Funded by a five-year $4.3 million Center Award from the National Institute for Arthritis, Musculoskeletal, and Skin Diseases (NIAMS), the CTMR enables researchers to accelerate and expand skeletal muscle research, facilitate novel insights into muscle pathologies, and move therapeutics toward the clinic and the marketplace. The center provides access to a mechanical device core, a metabolism core, a quantitative analysis core, and pilot grants for young investigators looking to fund their own research projects.
Mike Regnier, PhD, an ISCRM faculty member and Professor of Bioengineering directs the CTMR, which is based on the UW Medicine South Lake Union campus. “The idea for the center came from years of collaboration within the muscle research community,” says Regnier. “We saw a need for a way to bring people together, to pull in new professors and postdocs, and to offer them tools, facilities, and expertise.”
Together, Chamberlain, Regnier, Hauschka and their ISCRM colleague David Mack, PhD are assessing the efficacy of the AAV vector gene therapy in heart muscle and designing newer versions of the gene therapy that will specifically improve heart function. Preliminary tests performed in partnership with researchers at Ohio State University indicate that the approach can help prevent heart failure in mice, a finding Chamberlain believes will translate to human patients.
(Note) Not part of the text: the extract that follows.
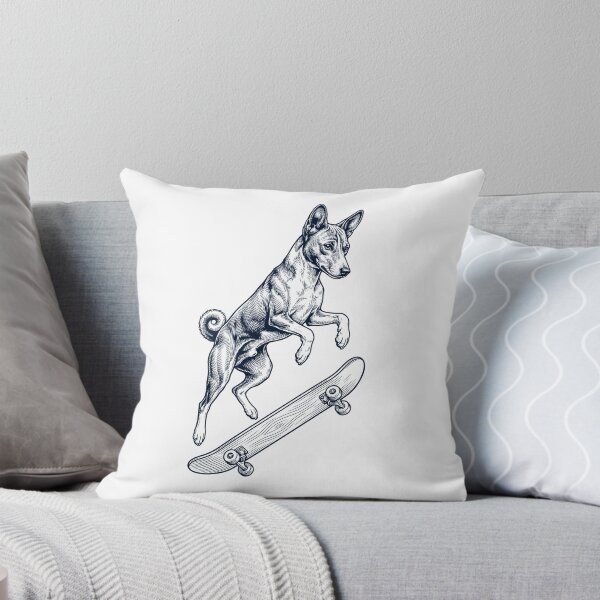 Item preview, Vintage Basenji Skateboarding Skate Dog Dad Lover designed and sold by DoodleTortle.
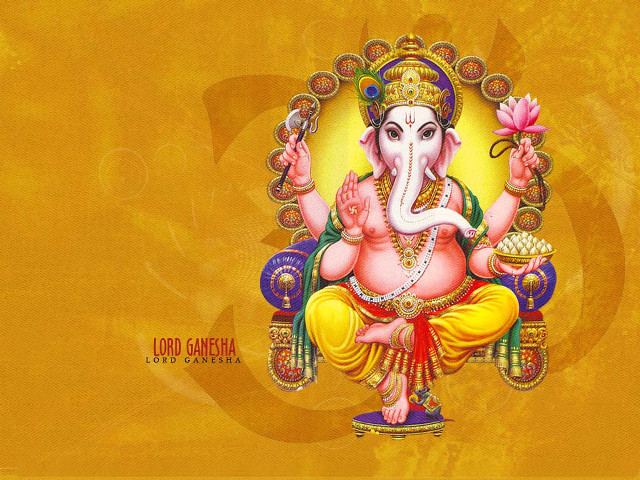 Ganesha lotus head lotus chest free wallpaper - medium preview image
Gene therapy is just one strategy the UW researchers are testing. Using CRISPR-CAS-9 technology, the team is also exploring the possibility of repairing the mutations that cause muscular dystrophy, or even using the two methods together. This study, one of the first examples of combining gene editing with traditional gene therapy, was detailed in a 2021 paper in Molecular Therapy.
“We see this as a potential alternative,” says Chamberlain. “You can replace the defective gene or try to fix the gene that patients already have. Ultimately, some patients may benefit from one more than the other, and in some cases, the best intervention might be a combination of the two.”